After virtually killing its poll chances in Seemandhra, the Congress is facing embarrassment in Telangana too with local powerhouse TRS turning increasingly cool to merging with the national party.
The Telangana Rashtra Samithi — a major force behind the statehood movement — and its leader K Chandrasekhara Rao (KCR) are miffed with the Congress’ lack of commitment on making him chief minister of India’s 29th state post-polls. It has also lashed out at the Congress for poaching its MP Vijaya Shanthi and for Union minister Jairam Ramesh’s statements on Telangana in the last two days.
This comes even as the President on Saturday approved the law to carve out a separate state of Telangana and bring Andhra Pradesh under central rule.
“We are well capable of governing our state to glory,” KCR told party workers on Friday while also listing out a bag of freebies for voters — a two-bedroom house for every family, a super specialty hospital in each district.
When he asked the cadre if they wanted a merger, the answer was a loud ‘no’. To this, he remarked, “You don’t want it and even the Congress acts like they don’t want it. Yesterday, a minister named Jairam said he was personally against the formation of Telangana. This is disrespect to all of Telangana.”
On Thursday, as Vijaya Shanthi joined the Congress, a senior TRS leader had said, “What signals are they trying to send? That they will dictate terms and bulldoze us into merger or alliance? What arrogance!”
“There was no meaningful engagement from the Congress on the merger. The Vijaya Shanthi and Jairam issues complicated matters further,” said a former Congress leader who shifted to the TRS last year.
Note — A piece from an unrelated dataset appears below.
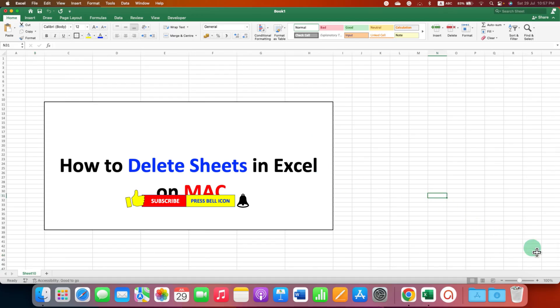Click on that like button, comment below and let me know if this video solved your problem and don't forget to check out the useful videos related to Excel on Mac. That's all right.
“A formal decision will be taken on Monday,” said politburo member B Vinod Kumar. “We are thankful to Sonia Gandhi but the format of our gratitude could be different. In my personal opinion, the TRS should exist independently,” KCR’s daughter K Kavitha said, denying she had met BJP president Rajnath Singh.
The Congress said it would expect the TRS to keep its promise to merge, but also conceded that an alliance may be the only way forward.
On that count too, many leaders said they didn’t expect KCR to stick with the party if the NDA returned to power. “The TRS is more like (Ram Vilas Paswan’s) LJP,” a Congress leader said.
The TRS was always uncomfortable with the idea of merging with the Congress and losing its identity.
It agreed to it to convince the Centre to push the Telangana bill through Parliament. But now, its leaders are already speaking in terms of being equal partners, albeit in private.
“Sharad Pawar (NCP) walked out of the Congress, formed a party and became a Congress ally,” one such leader said. “We should work out a seat-sharing arrangement with the Congress,” added another.